The term, autosomal recessive congenital
ichthyosis (ARCI), describes a group of rare
genetic skin diseases of cornification involving hyperkeratotic scaling at birth. The defective skin barrier function may lead to
dehydration, body temperature instability, and high susceptibility to
infections. In most cases of ARCI, neonates are born with a
collodion membrane covering the body, often presenting with
ectropion and eclabium. We report a premature female neonate presenting with hyperkeratotic scaling at birth without a
collodion membrane.
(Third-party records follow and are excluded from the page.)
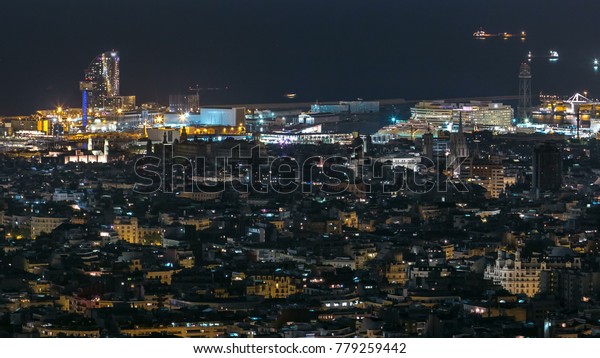 View of Barcelona skyline night timelapse, the\
Mediterranean sea and port of Barcelona with cable car from Bunkers\
Carmel. Catalonia, Spain.\
4K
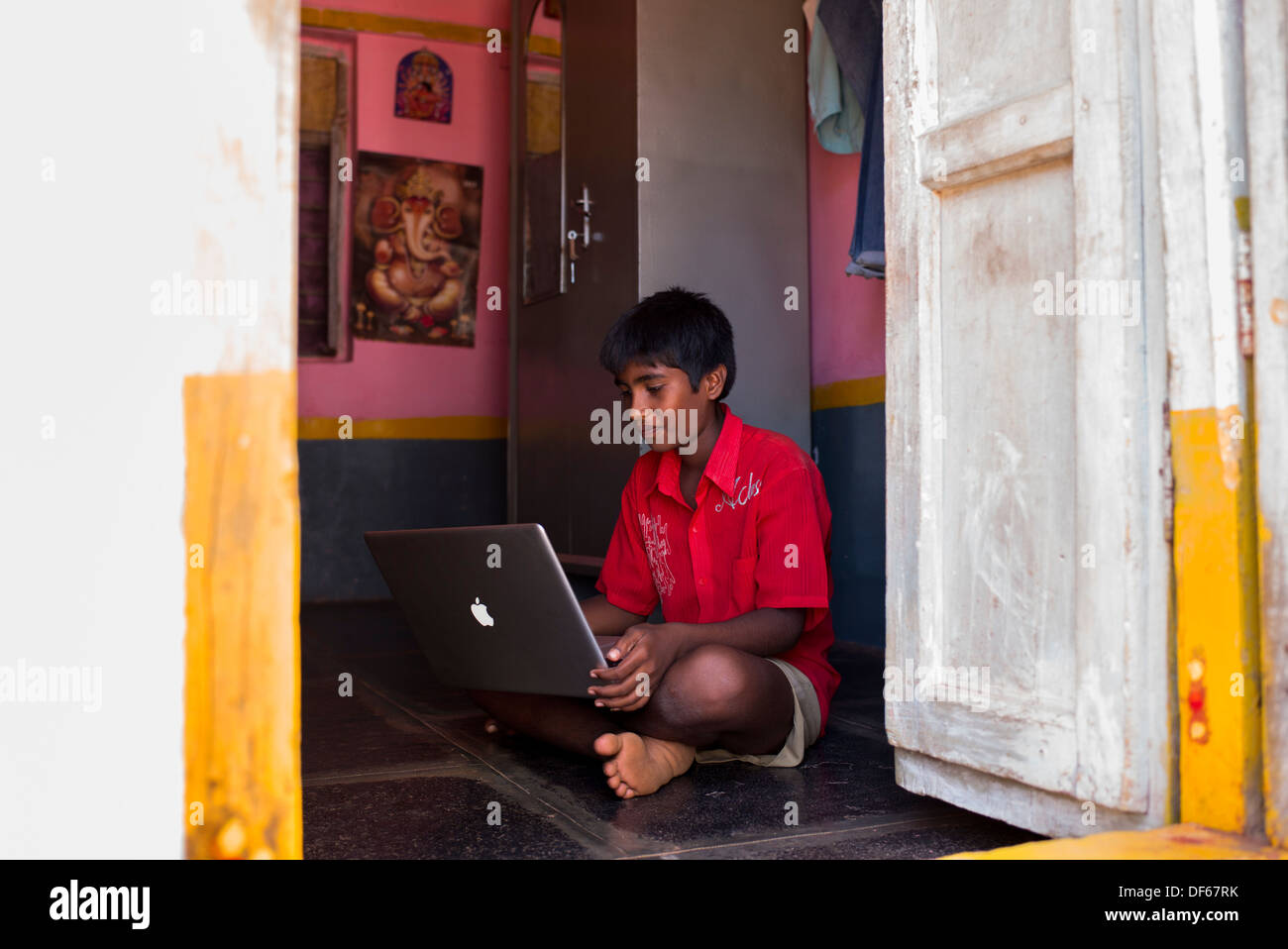 Indische Bauerndorf Jugendlicher Blick auf einem Apple-Laptop in seinem Haus Tür. Andhra Pradesh, Indien Stockfoto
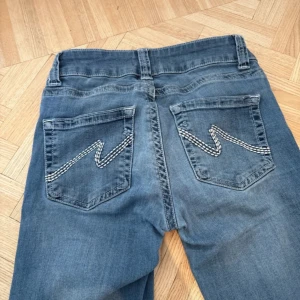 Blå bootcut jeans med broderade bakfickor - Snygga blå jeans med bootcut passform och broderade detaljer på bakfickorna. Klassisk femficksmodell med normal midja och dragkedja framtill. Perfekta för en avslappnad och trendig look.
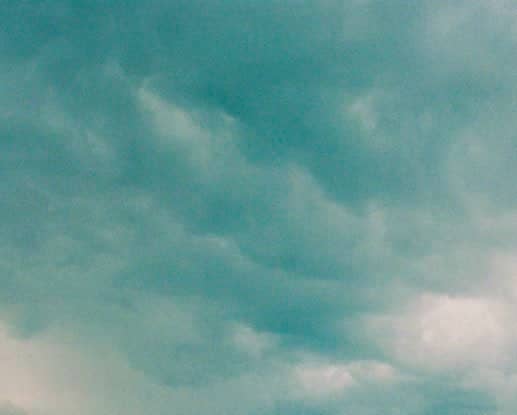 Soft, wispy clouds drift across a serene teal sky.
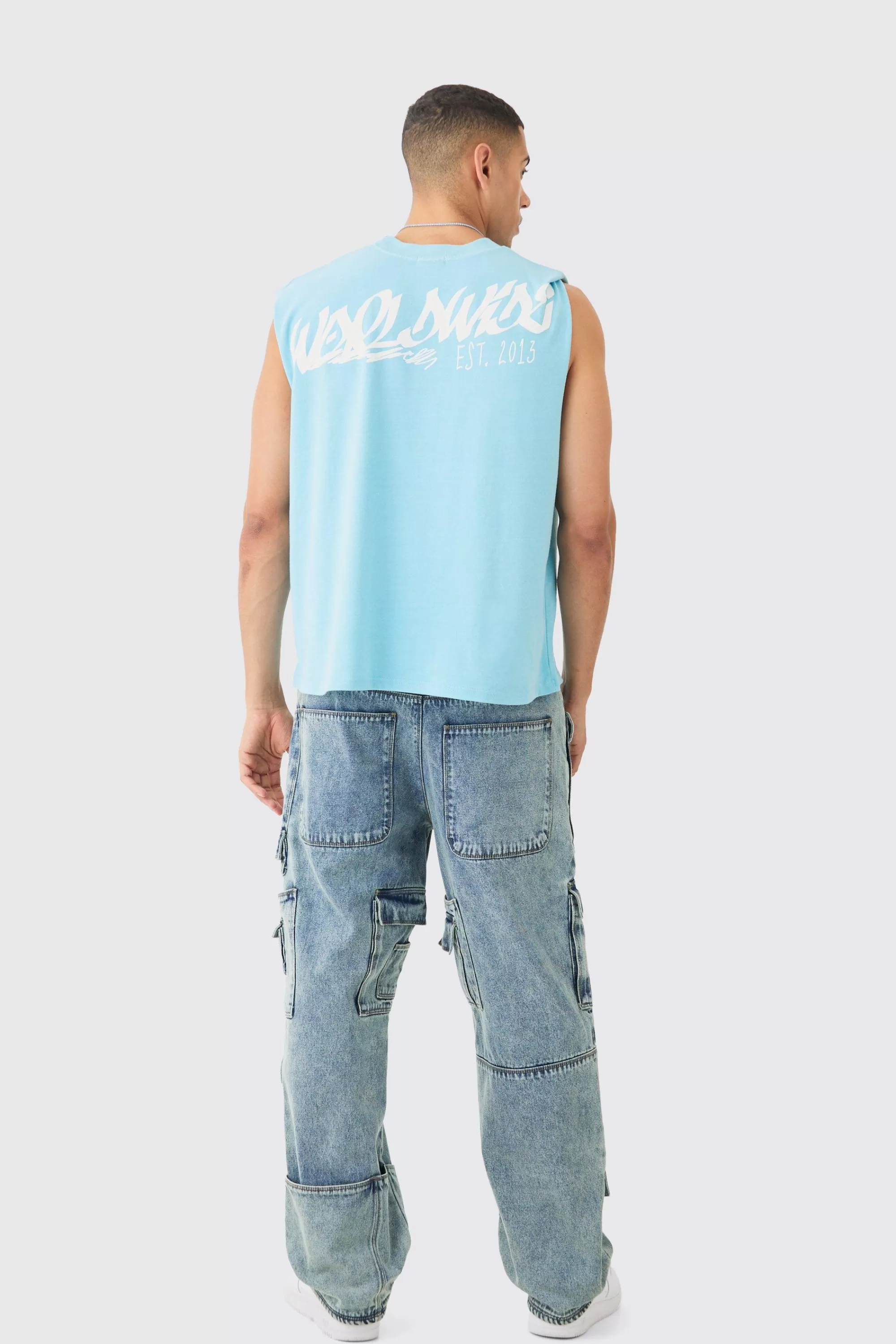 boohooMAN Relaxed Rigid Multi Pocket Cargo Jeans In Tinted Blue | UK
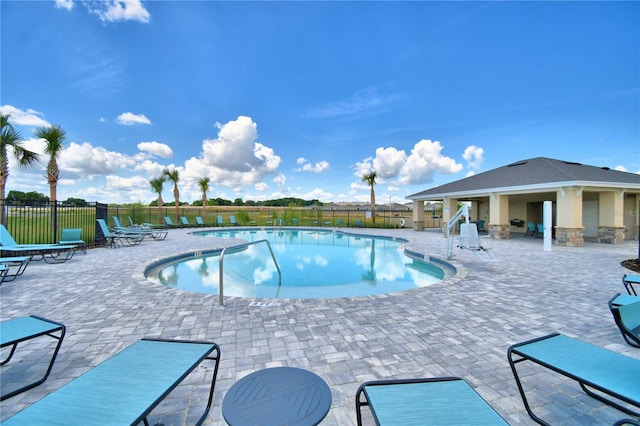 view of swimming pool with a patio area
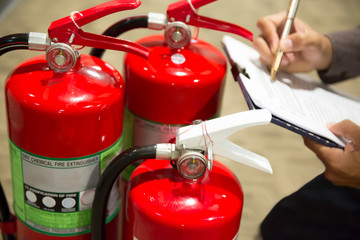 Engineers are checking fire extinguishers.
She was managed with placement in a humidified isolette, prophylactic
antibiotics, dilute bleach
baths,
petrolatum ointment, and
artificial eye drops. By the fourth week of life, there was marked improvement in her skin with the large, brown, plate-like scales on the trunk and extremities becoming lighter in color and finer in appearance. The
ichthyosis genetic panel showed mutations in the ABCA12 gene resulting in the
lamellar ichthyosis phenotype of ARCI. Our literature review revealed at least 28 patients with ARCI who were not born as
collodion babies. Although
collodion babies are a hallmark of most ARCI cases, clinicians should be aware of neonates with ARCI born without a
collodion membrane and expedite appropriate workup and treatment.